ANKARA – Human Rights Watch (HRW) reported on Friday that the closure of eight independent news and current affairs TV channels had effectively ended critical television news reporting in Turkey.

The channels are among 23 television and radio stations which are facing closure, on the basis of a Turkish government decree.

According to HRW, this latest move to censor media exceeds any legitimate restriction justifiable on national security grounds. Turkey’s government has shuttered media outlets using the powers granted to it by the state of emergency, following the July coup attempt.

“Fears that the government would make opportunistic use of the state of emergency to silence critics who have nothing to do with the July 15 coup attempt have come true,” said Emma Sinclair-Webb, the Turkey Director at HRW.

“This week’s closure of TV and radio channels popular with Kurds, the Alevi religious minority, and supporters of opposition parties takes Turkey back to the old days and shows that the government wants no version of the news on television or radio other than its own,” she added.

On September 28, the state-run Anatolian Agency reported that 23 television and radio stations were to be shut down completely. The most prominent of these stations is the news and current affairs-focused İMC TV. İMC TV had already been removed from the state-owned Türksat satellite distribution platform in February, severely cutting its ratings.

A July decree ordered the closure of 131 Turkish media and publishing outlets. Over the past few days, officials from the Turkish Radio Television Supreme Council, accompanied by police, forcibly closed 5 more news channels which were partly broadcasting in Kurdish (Özgür Gün TV, Azadi TV, Jiyan TV, Van TV, and Denge TV).
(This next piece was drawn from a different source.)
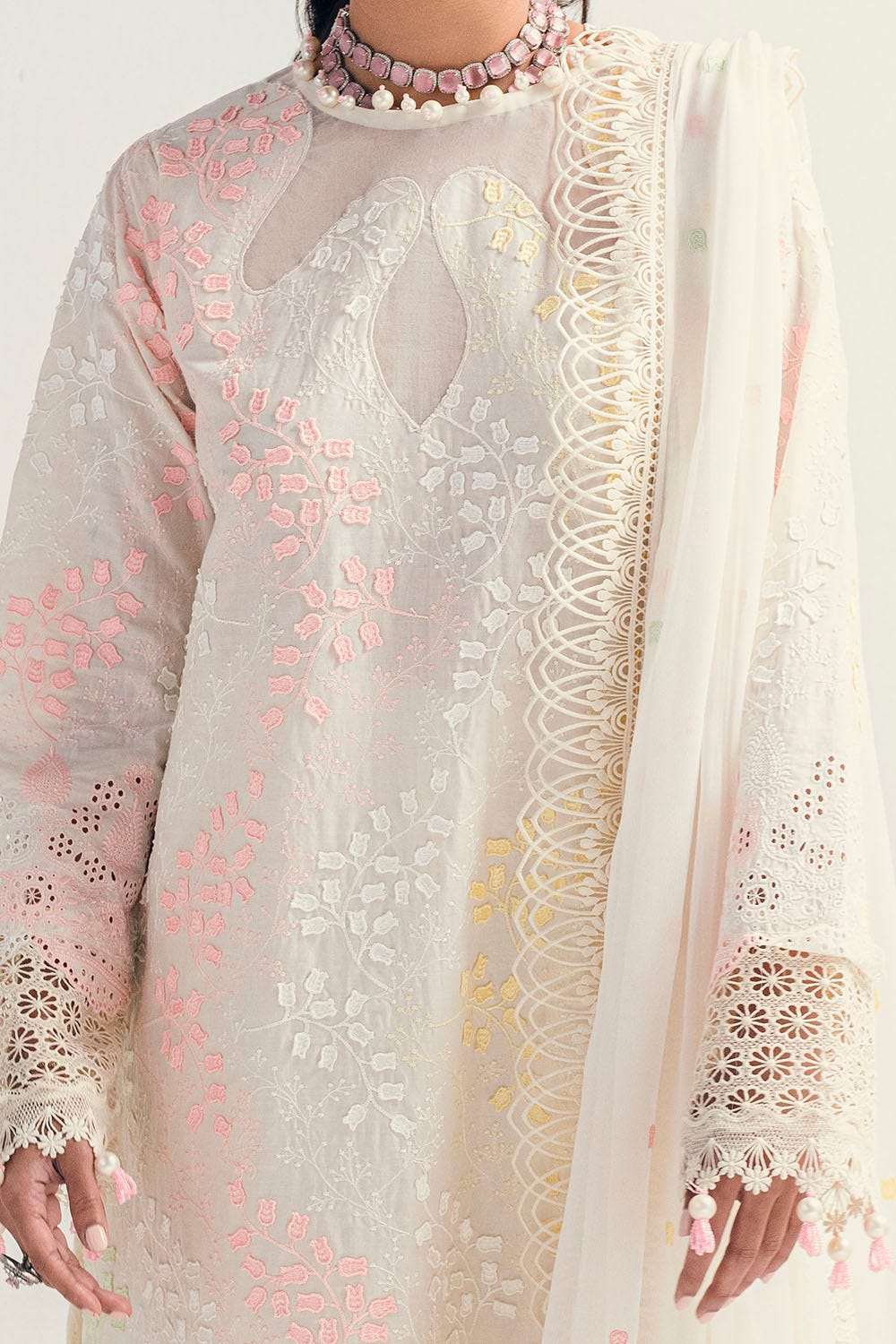 Gul Ahmed PM-52047 Chikankari 2025 - Image 2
The children’s Kurdish-language channel Zarok TV was also closed.

“IMC TV is the most prominent news channel among those closed down and has played an important role in covering news of [the] conflict in the southeast and the deterioration of human rights in Turkey more generally,” Sinclair-Webb said. “Closing down media is censorship and deprives the public of access to information about critical developments in Turkey […].”